## Exercise material
● ● ● ● ● ● ●
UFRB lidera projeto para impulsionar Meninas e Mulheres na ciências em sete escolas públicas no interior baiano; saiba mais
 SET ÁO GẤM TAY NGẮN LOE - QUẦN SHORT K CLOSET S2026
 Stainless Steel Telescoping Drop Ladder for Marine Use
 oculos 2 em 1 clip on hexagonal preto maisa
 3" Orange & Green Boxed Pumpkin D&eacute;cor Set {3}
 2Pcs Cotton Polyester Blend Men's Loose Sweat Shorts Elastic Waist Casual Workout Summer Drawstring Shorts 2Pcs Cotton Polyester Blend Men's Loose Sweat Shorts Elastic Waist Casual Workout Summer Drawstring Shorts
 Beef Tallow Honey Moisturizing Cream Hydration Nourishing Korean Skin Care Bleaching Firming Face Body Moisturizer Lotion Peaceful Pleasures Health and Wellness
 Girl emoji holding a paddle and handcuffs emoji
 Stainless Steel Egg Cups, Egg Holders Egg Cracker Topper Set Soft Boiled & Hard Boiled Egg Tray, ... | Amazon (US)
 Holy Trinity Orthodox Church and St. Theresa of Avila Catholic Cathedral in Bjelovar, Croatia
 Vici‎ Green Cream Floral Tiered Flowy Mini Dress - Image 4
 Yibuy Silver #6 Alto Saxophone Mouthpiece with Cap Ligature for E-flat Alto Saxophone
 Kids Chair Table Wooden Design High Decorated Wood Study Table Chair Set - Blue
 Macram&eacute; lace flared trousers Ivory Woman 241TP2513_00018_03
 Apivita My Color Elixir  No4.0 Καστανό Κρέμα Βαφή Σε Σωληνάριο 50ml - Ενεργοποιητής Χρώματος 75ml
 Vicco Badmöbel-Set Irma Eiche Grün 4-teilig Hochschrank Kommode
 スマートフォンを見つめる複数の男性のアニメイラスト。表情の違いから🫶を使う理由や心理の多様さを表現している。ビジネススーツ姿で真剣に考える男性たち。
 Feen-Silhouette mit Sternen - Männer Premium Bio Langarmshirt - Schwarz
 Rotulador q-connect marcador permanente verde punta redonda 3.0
● ● ● ● ● ● ●
## Work task
Please copy, exactly and with nothing else, the lines above beginning at the line that has "oculos 2 em 1 clip on hexagonal preto maisa" and ending with the line that has "Drawstring Shorts 2Pcs".

## Exercise response
 oculos 2 em 1 clip on hexagonal preto maisa
 3" Orange & Green Boxed Pumpkin D&eacute;cor Set {3}
 2Pcs Cotton Polyester Blend Men's Loose Sweat Shorts Elastic Waist Casual Workout Summer Drawstring Shorts 2Pcs Cotton Polyester Blend Men's Loose Sweat Shorts Elastic Waist Casual Workout Summer Drawstring Shorts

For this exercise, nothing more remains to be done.